Another interesting aspect for future research is the fact that the use of lower frequencies increases the execution time and, in turn, the exposure time of our tasks \(a_T(\tau , R)\), as defined in our previous model of Section 4.1. Two opposing goals are then present: (1) the traditional use of DVFS for improving the reliability in terms of permanent faults; and (2) the minimization of exposure time to transient faults. To model such a trade-off, let us begin with stating the Arrhenius equation for reliability according to the standard JESD91A [51]: (6) \(\begin{equation} A_T = \text{exp}\left[-\frac{E_{aa}}{k} \left(\frac{1}{T_s} - \frac{1}{T_r} \right) \right] \end{equation}\) (7) \(\begin{equation} \lambda _s = \lambda _r \cdot A_T , \end{equation}\) where

\(\lambda _s\) is the system fault rate at temperature \(T_s\) (in K).
\(\lambda _r\) is the reference system fault rate at the reference temperature \(T_r\) (in K).
\(E_{aa}, k\) are constants, the apparent activation energy and the Boltzmann’s constant, respectively.

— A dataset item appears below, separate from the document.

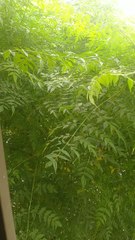 green beauty/beautiful tree/natural beauty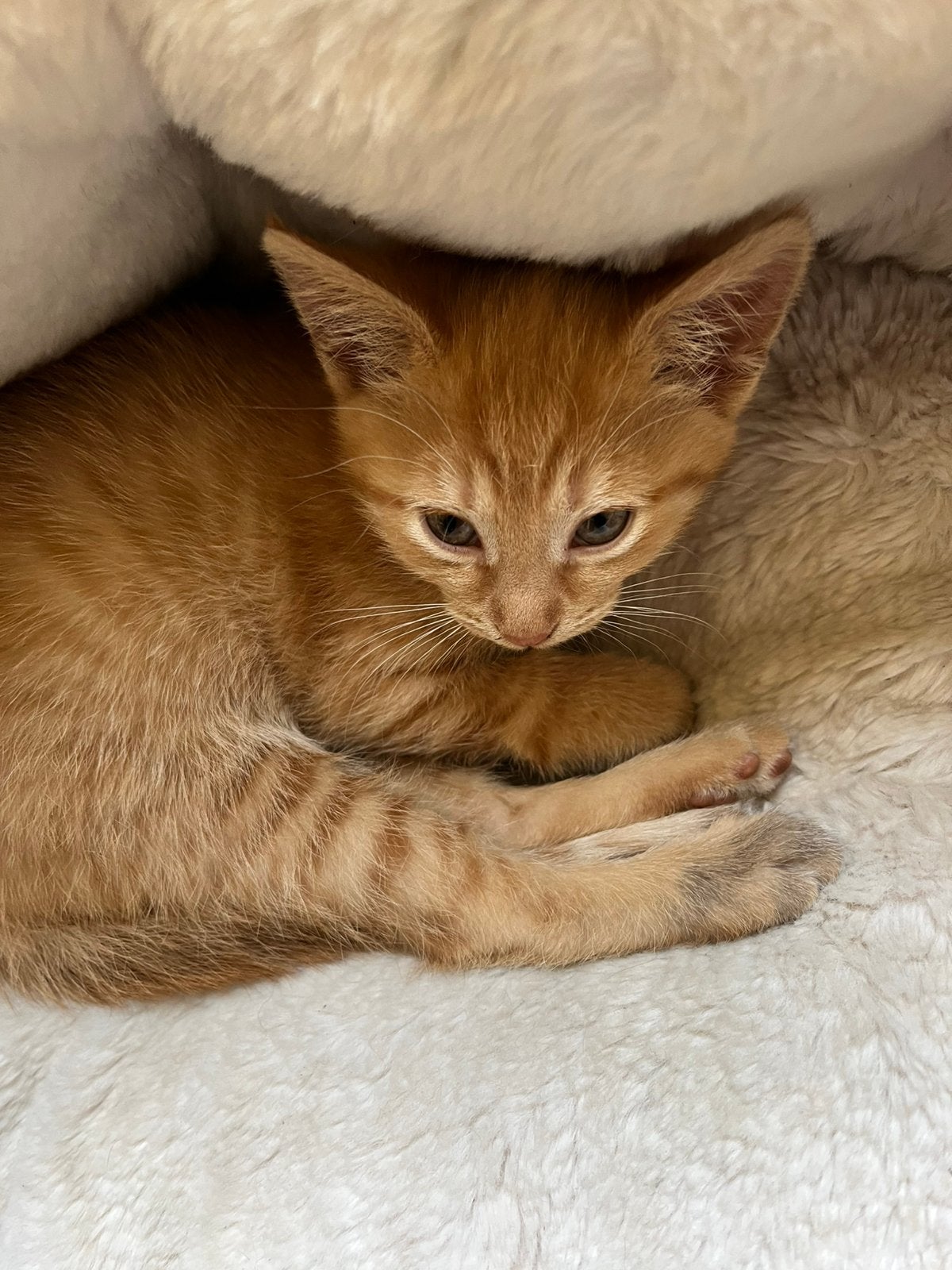 8 weken oude kittens., Meerdere dieren, 0 tot 2 jaar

During system runtime, the fault rate equation becomes a monotonically non-decreasing function of only the temperature, \(\lambda _s = f(T_s)\), according to the Arrhenius equation. The steady-state temperature is a monotonically non-decreasing function of the power consumption, that is, in turn, a monotonically non-decreasing function of the voltage/frequency assigned to the processor. This explains how DVFS strategies have a direct impact on reliability concerning the fault rate for permanent faults. Decreasing the voltage/frequency decreases the fault rate; on the other hand, it increases the execution time of the task. This has a side impact on the reliability of the overall system when we also consider transient faults: decreasing the frequency has the effect of increasing the execution time and, then, the exposure time of our tasks, that is, the \(a_T(\tau ,R)\) value, increasing the probability of a transient fault to occur.

Research Question 13.

How does energy-aware real-time scheduling impact the reliability problem with respect to both permanent and transient fault rates? Can mixed-criticality be exploited for this optimization problem?

Research Question 14.

Which is the optimal DVFS strategy that, while guaranteeing the hard real-time constraints, minimizes the failure rate of the overall system, taking into account all factors (thermal, transient faults susceptibility, and exposure time) that affect reliability?

5.5 The Implementation of the OS and Scheduler

Quis custodiet ipsos custodes? ⁶ This historical Latin quote perfectly describes the problem of realistic implementations of software fault tolerance: How can we be sure that a fault does not happen in critical system software, such as the scheduler, the fault-detection mechanism, or, in general, any other operating system component? Most of the literature presented in Section 3 assumed the system software and fault tolerance routines to be flawless, neglecting this aspect. Dealing with system software faults has non-trivial theoretical and engineering challenges.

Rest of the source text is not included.